TASK: Print only the lines running from the line with "Nissan Qashqai Hatchback, Diesel, 2011, Silver" to the final line below, both included, exactly as written and without the pictures.

DATASET CONTENT:
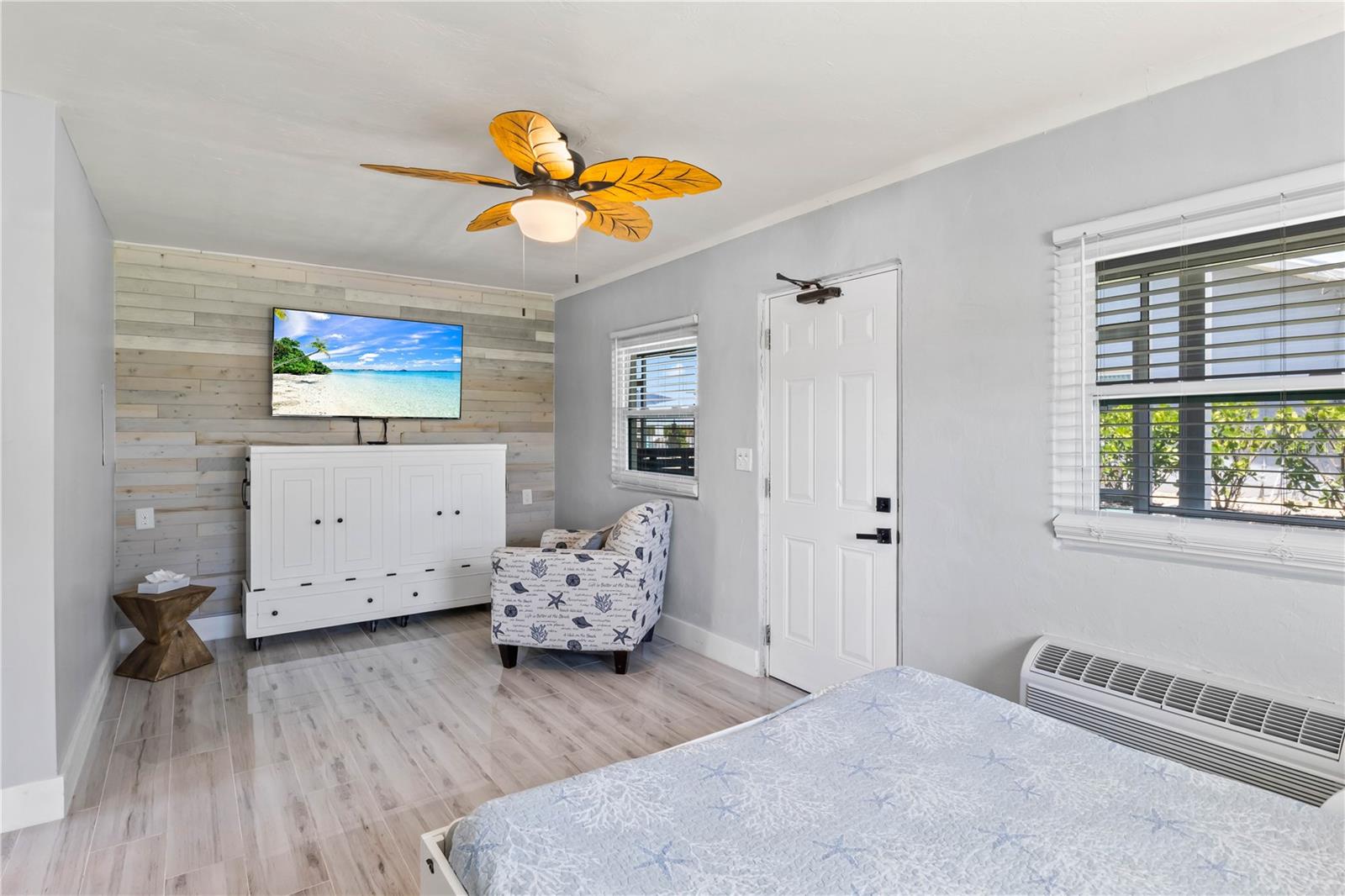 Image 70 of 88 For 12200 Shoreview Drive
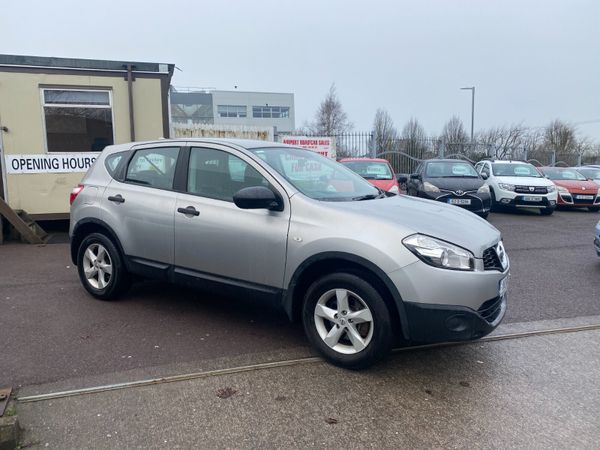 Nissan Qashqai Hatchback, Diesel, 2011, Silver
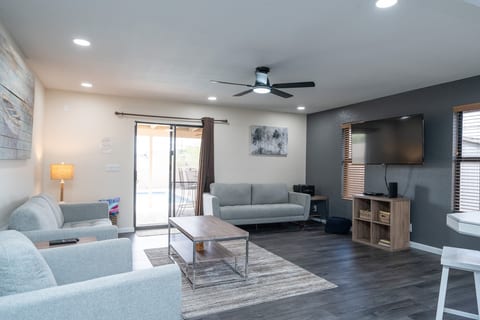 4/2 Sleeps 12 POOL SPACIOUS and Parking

RESULT:
 Nissan Qashqai Hatchback, Diesel, 2011, Silver
 4/2 Sleeps 12 POOL SPACIOUS and Parking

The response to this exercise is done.